Nigel Farage explains Democracy to M. Junker.
- JimmyGiro
July 17, 2014 at 6:34 pm -
I feel slightly dirty, liking a politician.
- jonseer
July 17, 2014 at 6:49 pm -
He is a courageous man, so I cannot include him among politicians, particularly the Westminster roost. While his policies appeal to my memories of Merry England, I am a convinced European and cannot imagine Europe being unravelled without a cost.
- Dioclese
July 17, 2014 at 7:22 pm -
The cost, jonseer, is around £530million a day to the British taxpayer and the sooner it is over, the better.
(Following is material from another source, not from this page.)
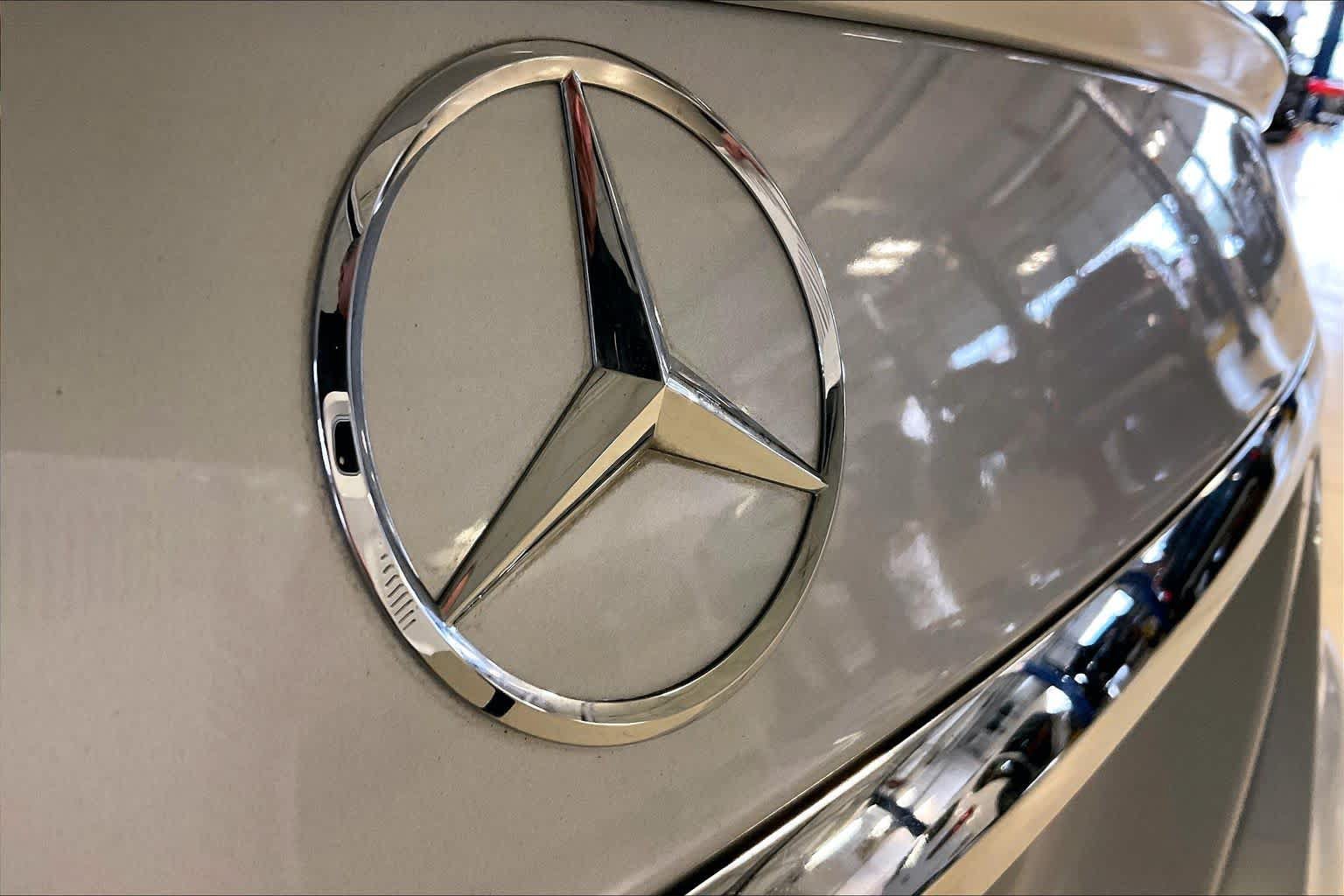 Used 2016 Mercedes-Benz S 550 Sedan image 31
The great European project is not yet dead in the water, but it has turned it’s face to the wall and is coughing up blood. M.Juncker is on record as admitting to lying and ignoring referenda results. Do we really want to be part of a system led by such a despicable man? I think not. This is not democracy – this is dictatorship. Nobody voted for this creep. He should not be in the job!
- stephen lewis
July 17, 2014 at 7:52 pm -
I actually consider being part of a union as a good thing …. but when that union refuses to have its accounts audited, “persuades” through bribery and corruption and insists that countries keep voting until the answer is “yes”…. this raises serious questions about this particular union.
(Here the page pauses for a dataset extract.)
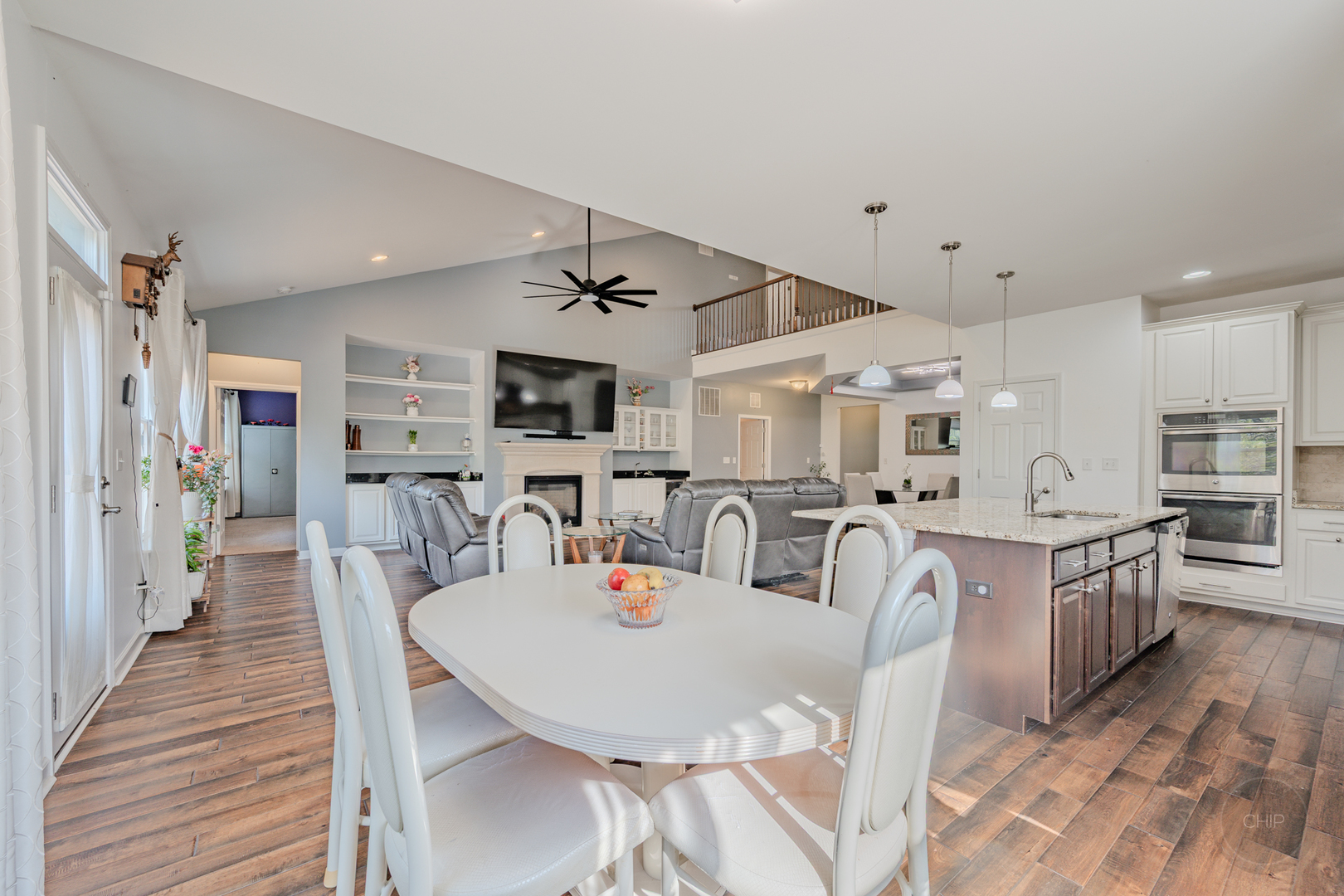 2942 Trillium Court E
Looks like its time to start again afresh.
- Fat Steve
July 17, 2014 at 8:54 pm -
Whatever one’s views on Europe, UKIP , Democracy or Politicians, Farage is a star performer though the stage on which he plays couldn’t be more favourable to his act. Daniel Hannan though is the thinking Man’s Farage and worth watching on You tube if one is interested.
- Ancient+Tattered Airman
July 17, 2014 at 10:08 pm -
I totally agree Steve. Those two gentlemen are sorely needed in Westminster too………
- right-writes
July 19, 2014 at 9:22 am -
Steve, there are quite a number of commenters who reckon that Hannan, Carswell (and ilk) are like the “judas goat” which leads the sheep to slaughter…
I never really went along with this, until I say Hannan’s behaviour post EP election. He acted as Cameron’s extremely diligent agent there… scuttling about trying desperately to stop UKIP forming a Parliamentary group…
Fortunately he failed, but it is is not very much in the spirit of things to say UKIP stuff for most of a five year period, and to then attempt to stop the winning party from having ANY influence at all in the toothless EP.
- Fat Steve
July 19, 2014 at 10:05 am -
@right-writes To be honest I am not sure I know enough about politics to form a view on the political agendas of Farage or Hannan but I find them both in their different ways hugely entertaining orators when they are being critical of the people and the institutions that run the EU but on a more constructive note they are serving a useful purpose in highlighting what appears to be a pretty odd state of affairs in Brussels. where huge power is wielded with little or no accountability. The worry about the EU is the lack of transparency—I haven’t a clue whats decided in Brussels , by whom and how —-it just seems that life in Europe is affected by political fixes and taken in political directions that I have no knowledge of. I sorta get the impression one day I could wake up to a Europe which I am told is (e)utopian but many including myself might think dystopian ….but there again I get that feeling in the UK often enough now.
- Stewart Cowan
July 19, 2014 at 7:13 pm -
@right-writes – I agree. I accussed Mr Hannan on his Telegraph blog of being a double agent to keep ‘Eurosceptic’ Tories voting ‘Conservative’. It’s something they have to do to keep up the myth that one day – in a far distant year – in a galaxy far away – there will be a referendum or the even more unlikely ‘clawing back of powers’. I’m not saying these two definitely are Judas goats, but if they’re not they would have to have had replacements.
- Fat Steve
- Ancient+Tattered Airman
- bill40
July 17, 2014 at 10:30 pm -
To be fair the anthem is really rather good. It’s not that I don’t agree with Farage it’s just that I don’t want him speaking for me.
- Engineer
July 17, 2014 at 11:38 pm -
Beethoven’s ninth symphony used to be a truly sublime piece of music. Sadly, since it was appropriated by democracy-free Brussels Bureaucrats I can’t hear it without gritting my teeth.
- Robert Edwards
July 18, 2014 at 10:54 pm -
With great respect to you, Beethoven’s ninth is, if you deconstruct it, really rather banal. It is nothing when compared to, as I think of it, any of the others. It is known in my circle at least, as ‘Beethoven’s worst…’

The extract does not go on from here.